Return every record below exactly as written.

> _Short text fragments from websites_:
===

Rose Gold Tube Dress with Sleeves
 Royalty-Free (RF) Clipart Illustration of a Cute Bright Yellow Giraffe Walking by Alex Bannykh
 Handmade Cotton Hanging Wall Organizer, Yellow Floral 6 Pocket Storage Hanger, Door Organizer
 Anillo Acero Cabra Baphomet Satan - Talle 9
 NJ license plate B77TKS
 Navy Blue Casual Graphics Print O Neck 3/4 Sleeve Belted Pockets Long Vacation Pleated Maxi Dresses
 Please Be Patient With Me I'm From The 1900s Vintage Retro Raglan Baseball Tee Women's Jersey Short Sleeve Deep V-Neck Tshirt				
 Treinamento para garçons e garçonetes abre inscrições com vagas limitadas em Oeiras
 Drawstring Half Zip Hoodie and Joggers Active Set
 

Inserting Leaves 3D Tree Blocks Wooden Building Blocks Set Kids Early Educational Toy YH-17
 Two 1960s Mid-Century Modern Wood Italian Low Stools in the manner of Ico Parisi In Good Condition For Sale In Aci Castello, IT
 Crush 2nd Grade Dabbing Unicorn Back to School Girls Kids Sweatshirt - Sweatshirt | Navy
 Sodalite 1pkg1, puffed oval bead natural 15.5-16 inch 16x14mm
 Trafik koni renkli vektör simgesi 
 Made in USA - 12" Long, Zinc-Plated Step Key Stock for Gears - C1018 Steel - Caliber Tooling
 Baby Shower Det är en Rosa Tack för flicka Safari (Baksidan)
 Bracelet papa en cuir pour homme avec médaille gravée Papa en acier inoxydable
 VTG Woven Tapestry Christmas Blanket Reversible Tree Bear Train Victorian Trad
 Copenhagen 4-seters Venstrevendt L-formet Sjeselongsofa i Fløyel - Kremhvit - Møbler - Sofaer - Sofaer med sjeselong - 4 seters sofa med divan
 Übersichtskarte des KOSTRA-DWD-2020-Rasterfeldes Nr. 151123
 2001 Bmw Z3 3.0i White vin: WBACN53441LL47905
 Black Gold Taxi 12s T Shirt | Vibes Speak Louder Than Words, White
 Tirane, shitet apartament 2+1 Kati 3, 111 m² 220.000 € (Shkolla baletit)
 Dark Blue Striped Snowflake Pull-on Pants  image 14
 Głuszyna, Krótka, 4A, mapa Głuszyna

===

> _EXERCISE RESPONSE_:
Rose Gold Tube Dress with Sleeves
 Royalty-Free (RF) Clipart Illustration of a Cute Bright Yellow Giraffe Walking by Alex Bannykh
 Handmade Cotton Hanging Wall Organizer, Yellow Floral 6 Pocket Storage Hanger, Door Organizer
 Anillo Acero Cabra Baphomet Satan - Talle 9
 NJ license plate B77TKS
 Navy Blue Casual Graphics Print O Neck 3/4 Sleeve Belted Pockets Long Vacation Pleated Maxi Dresses
 Please Be Patient With Me I'm From The 1900s Vintage Retro Raglan Baseball Tee Women's Jersey Short Sleeve Deep V-Neck Tshirt				
 Treinamento para garçons e garçonetes abre inscrições com vagas limitadas em Oeiras
 Drawstring Half Zip Hoodie and Joggers Active Set
 

Inserting Leaves 3D Tree Blocks Wooden Building Blocks Set Kids Early Educational Toy YH-17
 Two 1960s Mid-Century Modern Wood Italian Low Stools in the manner of Ico Parisi In Good Condition For Sale In Aci Castello, IT
 Crush 2nd Grade Dabbing Unicorn Back to School Girls Kids Sweatshirt - Sweatshirt | Navy
 Sodalite 1pkg1, puffed oval bead natural 15.5-16 inch 16x14mm
 Trafik koni renkli vektör simgesi 
 Made in USA - 12" Long, Zinc-Plated Step Key Stock for Gears - C1018 Steel - Caliber Tooling
 Baby Shower Det är en Rosa Tack för flicka Safari (Baksidan)
 Bracelet papa en cuir pour homme avec médaille gravée Papa en acier inoxydable
 VTG Woven Tapestry Christmas Blanket Reversible Tree Bear Train Victorian Trad
 Copenhagen 4-seters Venstrevendt L-formet Sjeselongsofa i Fløyel - Kremhvit - Møbler - Sofaer - Sofaer med sjeselong - 4 seters sofa med divan
 Übersichtskarte des KOSTRA-DWD-2020-Rasterfeldes Nr. 151123
 2001 Bmw Z3 3.0i White vin: WBACN53441LL47905
 Black Gold Taxi 12s T Shirt | Vibes Speak Louder Than Words, White
 Tirane, shitet apartament 2+1 Kati 3, 111 m² 220.000 € (Shkolla baletit)
 Dark Blue Striped Snowflake Pull-on Pants  image 14
 Głuszyna, Krótka, 4A, mapa Głuszyna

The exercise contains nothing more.